Paul Rosenzweig on Lawfare remarks on the ongoing efforts to differentiate people from bots in the broad contextual problem of fake news:
A recent project by “Truthy” at the University of Indiana gives a good window into how the technology might work (and how difficult it may be to implement at scale). The project, known as BotOrNot, is an academic project partially funded by NSF and DoD. The objective is a limited one — to try and assess whether the traffic from a particular twitter account can be analyzed to determine whether the account is connected to a real human being or whether it is controlled by a bot network. Because the assessment is probabilistic rather than definitive the “score” assigned to an account is a numerical percentage rather than an absolute “bot or not” determination.

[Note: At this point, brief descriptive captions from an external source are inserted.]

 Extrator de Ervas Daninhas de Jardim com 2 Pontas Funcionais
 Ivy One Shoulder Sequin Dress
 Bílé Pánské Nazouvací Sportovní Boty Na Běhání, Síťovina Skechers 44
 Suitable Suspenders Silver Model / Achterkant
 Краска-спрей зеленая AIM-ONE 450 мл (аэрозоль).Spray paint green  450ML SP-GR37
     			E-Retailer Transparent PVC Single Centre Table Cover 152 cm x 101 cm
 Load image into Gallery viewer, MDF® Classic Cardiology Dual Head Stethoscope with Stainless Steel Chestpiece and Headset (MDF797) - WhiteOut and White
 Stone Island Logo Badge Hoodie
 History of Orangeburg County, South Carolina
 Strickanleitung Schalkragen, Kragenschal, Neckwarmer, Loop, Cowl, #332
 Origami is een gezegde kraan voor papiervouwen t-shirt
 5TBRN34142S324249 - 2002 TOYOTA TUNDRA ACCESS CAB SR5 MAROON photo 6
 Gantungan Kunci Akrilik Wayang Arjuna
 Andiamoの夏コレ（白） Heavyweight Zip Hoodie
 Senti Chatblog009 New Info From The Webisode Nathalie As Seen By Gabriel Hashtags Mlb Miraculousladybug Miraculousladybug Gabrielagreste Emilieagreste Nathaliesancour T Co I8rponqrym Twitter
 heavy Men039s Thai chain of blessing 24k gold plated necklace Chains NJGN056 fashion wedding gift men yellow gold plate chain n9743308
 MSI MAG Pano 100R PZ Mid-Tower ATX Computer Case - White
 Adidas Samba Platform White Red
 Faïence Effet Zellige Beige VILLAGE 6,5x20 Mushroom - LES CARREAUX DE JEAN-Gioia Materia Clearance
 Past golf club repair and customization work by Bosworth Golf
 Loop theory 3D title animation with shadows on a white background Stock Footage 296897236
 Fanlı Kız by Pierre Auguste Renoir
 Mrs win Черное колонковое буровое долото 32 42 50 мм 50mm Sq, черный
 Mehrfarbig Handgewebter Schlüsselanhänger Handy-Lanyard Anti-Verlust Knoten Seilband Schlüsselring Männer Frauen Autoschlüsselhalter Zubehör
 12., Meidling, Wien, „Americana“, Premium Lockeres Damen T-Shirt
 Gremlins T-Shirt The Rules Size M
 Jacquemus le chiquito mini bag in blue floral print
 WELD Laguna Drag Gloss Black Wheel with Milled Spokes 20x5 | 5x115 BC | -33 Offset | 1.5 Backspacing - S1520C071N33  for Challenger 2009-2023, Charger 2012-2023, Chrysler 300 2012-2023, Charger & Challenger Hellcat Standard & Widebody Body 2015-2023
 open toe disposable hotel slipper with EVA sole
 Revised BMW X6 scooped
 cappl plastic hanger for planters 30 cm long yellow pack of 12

And thus my contingent humanity. The analytics of my own Twitter account (@RosenzweigP) assign me a score of 13% as a bot (or, reciprocally, as 87% as a real human being). The analytics rely on things like the timing of my tweets, their language structure, and my use of hashtags as a way of gauging my genuine nature. Interestingly, the area in which I most resemble a bot seems to lie in a sentiment analysis—apparently, my tweets have been angry of late (you can imagine why) and that is indicative, at some level, of artificiality.
That last bit concerning the operationality of the software touched my contradictory nature. What if I were a bot writer, dedicated to retweeting fake news, and this came up? What would I do?
Actually, I’d write my bot to be trainable, and then I’d train it – on known human Twitter accounts. Let it learn how humans write, when they write, the patterns that emerge. And then it can use those same patterns when it goes about its dark business. I’m not saying it’d be easy – you’d need some training and experience in the Big Data arena, I’m sure – but it’s probably doable.